The teams to watch
Ask most bookmakers this year and they’ll tell you that Brazil are favorites to claim the trophy for a record sixth time — and for good reason. The Brazilians have quality all over the pitch: they have two of the best goalkeepers in the world in Liverpool’s Alisson and Man City’s Ederson; a solid center-back pairing in Marquinhos and Thiago Silva; Casemiro and Fabinho in midfield; and one of the best attacking units in the competition featuring Neymar, and Vinicius Junior. What’s more, injuries aren’t a problem for the side with all of its key players fit and heading to Qatar.
Brazil should have no trouble getting out of the group: Serbia, Switzerland and Cameroon shouldn’t pose a serious threat to the Brazilians in the opening three games of the competition, which should see them finish top of the group. Assuming they win the group, the Seleção Canarinho will likely face one of Portugal or Uruguay in the round of 16 and potentially one of Spain, Germany or Belgium in the quarters.
France has had a rough year: The defending champions, France are coming off a disappointing Euro 2020 bid that saw them suffer a shock loss to Switzerland in the round of 16. They also failed to get out of the group in this year’s Uefa Nations League, finishing third in the group behind Croatia and Denmark.
Didier Deschamps has a wealth of talent at his disposal: The team boasts perhaps the strongest front line in the competition with Ballon d’Or winner Karim Benzema, PSG’s Kylian Mbappe, Atletico Madrid’s Antoine Griezmann, and Barcelona’s Ousmane Dembele.
But injuries abound: Defensive rock Raphael Varane is doubtful after limping off the field last month while key midfielders N’golo Kante (hamstring) and Paul Pogba (knee surgery) have been ruled out.
Where they finish in the group will be key: A team of France’s quality should ease past their group, but whether they come first or second will be key. A first-place finish will set them up for a possible last-16 tie against Poland or Mexico while coming in second puts them at risk of playing Argentina in the next round and England in the quarter-finals.
England’s eternal averageness to endure? Despite making it to the semis in the 2018 World Cup and the final of last year’s Euros, Gareth Southgate’s defensive-minded set-up has rendered the team unspectacular on the pitch and toothless in front of goal. England had a terrible Nations League this year, finishing bottom of the group and being demolished 4-0 by low-ranked Hungary.

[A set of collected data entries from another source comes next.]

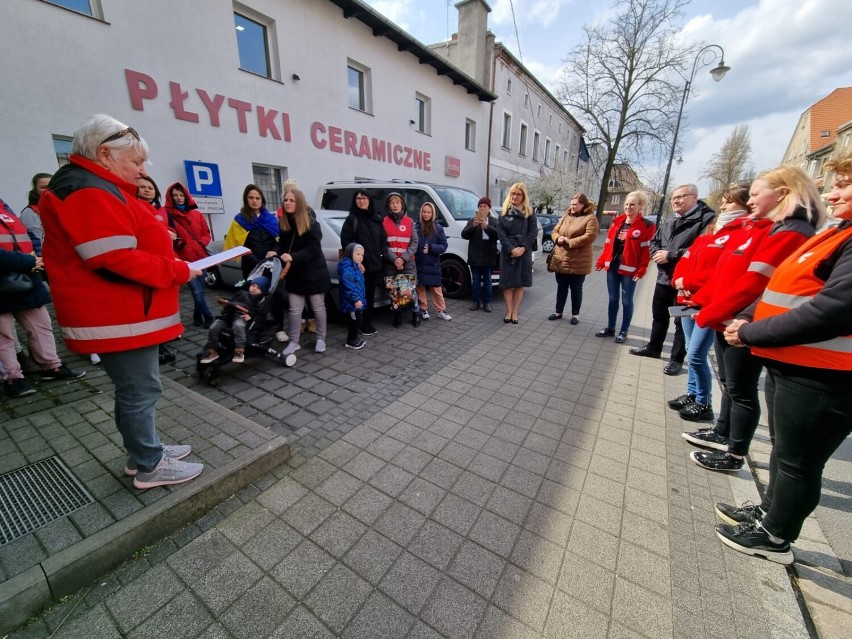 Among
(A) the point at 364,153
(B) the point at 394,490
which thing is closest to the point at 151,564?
(B) the point at 394,490

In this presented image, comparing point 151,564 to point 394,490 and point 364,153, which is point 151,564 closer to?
point 394,490

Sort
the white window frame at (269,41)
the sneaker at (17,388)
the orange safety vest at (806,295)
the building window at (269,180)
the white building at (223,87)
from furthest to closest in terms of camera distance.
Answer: the building window at (269,180) → the white window frame at (269,41) → the white building at (223,87) → the sneaker at (17,388) → the orange safety vest at (806,295)

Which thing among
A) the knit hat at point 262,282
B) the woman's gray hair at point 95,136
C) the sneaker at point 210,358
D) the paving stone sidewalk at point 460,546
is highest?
the woman's gray hair at point 95,136

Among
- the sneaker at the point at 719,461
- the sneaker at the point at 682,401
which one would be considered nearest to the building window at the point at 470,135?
the sneaker at the point at 682,401

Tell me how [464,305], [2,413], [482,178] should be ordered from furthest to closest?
[482,178], [464,305], [2,413]

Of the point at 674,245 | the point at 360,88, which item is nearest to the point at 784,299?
the point at 674,245

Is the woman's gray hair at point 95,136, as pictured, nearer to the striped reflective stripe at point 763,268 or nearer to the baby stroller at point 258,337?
the baby stroller at point 258,337

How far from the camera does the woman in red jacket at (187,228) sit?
472 cm

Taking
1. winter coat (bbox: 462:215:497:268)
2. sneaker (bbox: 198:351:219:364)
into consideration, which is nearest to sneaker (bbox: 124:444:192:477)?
sneaker (bbox: 198:351:219:364)

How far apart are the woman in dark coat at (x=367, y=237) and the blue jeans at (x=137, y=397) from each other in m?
2.98

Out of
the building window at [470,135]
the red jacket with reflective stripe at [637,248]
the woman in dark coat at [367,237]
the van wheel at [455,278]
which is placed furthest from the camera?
the building window at [470,135]

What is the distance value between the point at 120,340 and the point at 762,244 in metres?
3.51

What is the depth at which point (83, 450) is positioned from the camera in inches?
96.7

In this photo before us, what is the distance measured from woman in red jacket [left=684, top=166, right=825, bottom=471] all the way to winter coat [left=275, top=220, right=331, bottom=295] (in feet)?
11.7
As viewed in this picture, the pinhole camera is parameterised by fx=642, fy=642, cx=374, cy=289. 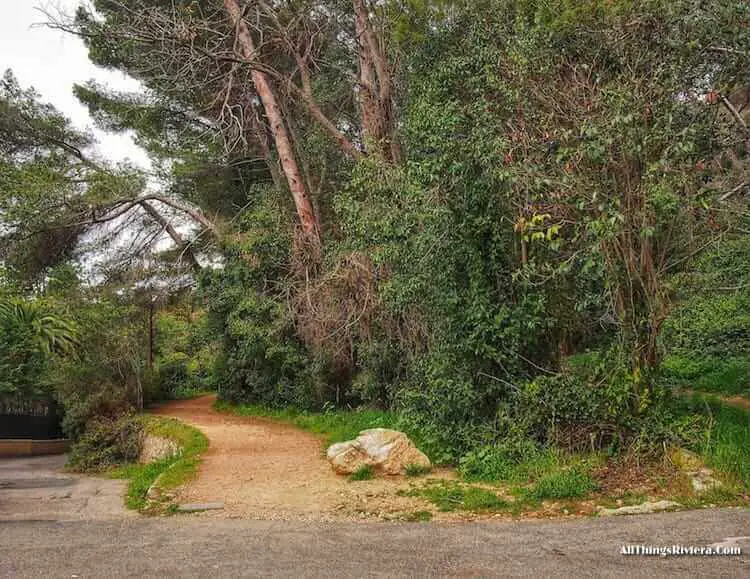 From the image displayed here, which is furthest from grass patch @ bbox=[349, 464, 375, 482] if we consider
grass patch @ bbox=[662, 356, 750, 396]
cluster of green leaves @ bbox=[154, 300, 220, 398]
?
cluster of green leaves @ bbox=[154, 300, 220, 398]

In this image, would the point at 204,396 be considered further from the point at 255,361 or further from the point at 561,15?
the point at 561,15

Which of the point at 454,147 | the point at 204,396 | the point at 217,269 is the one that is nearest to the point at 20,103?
the point at 217,269

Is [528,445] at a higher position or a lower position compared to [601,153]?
lower

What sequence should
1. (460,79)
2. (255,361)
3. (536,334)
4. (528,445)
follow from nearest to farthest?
(528,445) < (536,334) < (460,79) < (255,361)

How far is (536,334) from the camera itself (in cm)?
866

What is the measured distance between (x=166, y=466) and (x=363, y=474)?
160 inches

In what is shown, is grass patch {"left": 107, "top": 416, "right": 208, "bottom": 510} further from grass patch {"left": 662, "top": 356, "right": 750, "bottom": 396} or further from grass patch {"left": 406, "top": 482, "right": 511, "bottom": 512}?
grass patch {"left": 662, "top": 356, "right": 750, "bottom": 396}

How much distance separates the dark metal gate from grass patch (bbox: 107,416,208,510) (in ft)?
10.8

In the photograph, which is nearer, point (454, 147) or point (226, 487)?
point (226, 487)

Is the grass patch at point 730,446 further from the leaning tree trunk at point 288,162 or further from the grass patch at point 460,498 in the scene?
the leaning tree trunk at point 288,162

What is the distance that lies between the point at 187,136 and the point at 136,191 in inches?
91.6

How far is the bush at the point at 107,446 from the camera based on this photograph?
12680 millimetres

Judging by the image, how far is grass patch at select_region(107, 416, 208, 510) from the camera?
28.0 feet

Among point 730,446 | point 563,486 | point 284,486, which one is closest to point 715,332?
point 730,446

But they have the squad to go far: England goes into the competition ranked fifth in the world and the team does have lots of attacking talent: Tottenham’s Harry Kane is one of the best strikers in the world, Man City’s Phil Foden and Jack Grealish are two of the most dynamic midfielders in the Premier League, while Chelsea’s Raheem Sterling and Arsenal Bukayo Saka are dangerous on the wings.
A tough route: Should they make it out of their group, they will likely face one of Senegal or the Netherlands in the last 16 and potentially one of France or Argentina in the quarter-finals.
THE DARK HORSE?
Senegal could go far this year: Fresh off victory in the 2021 African Cup of Nations, Senegal will be looking to make their mark on this year’s World Cup. The West African nation has not traditionally been a heavy-hitter in the tournament and Qatar 2022 will be only the third time it has competed. The high water mark in the country’s World Cup history came at its debut in 2002 when it made it through to the quarter-finals only to be beaten 1-0 by Turkey. The only other time it made an appearance was in Russia four years ago when it failed to get out of the group.
The Senegalese have world-class talent in their ranks, but will have to compete without their best player, Sadio Mane, who was ruled out of the tournament yesterday with a leg injury. Still, Edouard Mendy is one of the finest goalkeepers around (despite an iffy start to the season) while Kalidou Koulibaly is an imposing central defender.
And they have a favorable group: The Senegalese have been drawn with two of the lowest-ranked teams in the competition in their group — Qatar (#50) and Ecuador (#44) — putting qualification to the knockouts within reach.
But how far can they go? Senegal will face either the winners or second-placed team in Group B depending on whether they come second in their group or pip the Dutch to first place. This will hand them a tie with one of England, Iran, the US or Wales in the last 16. Making it through to the quarter-finals could see them play France or Argentina for a place in the semis.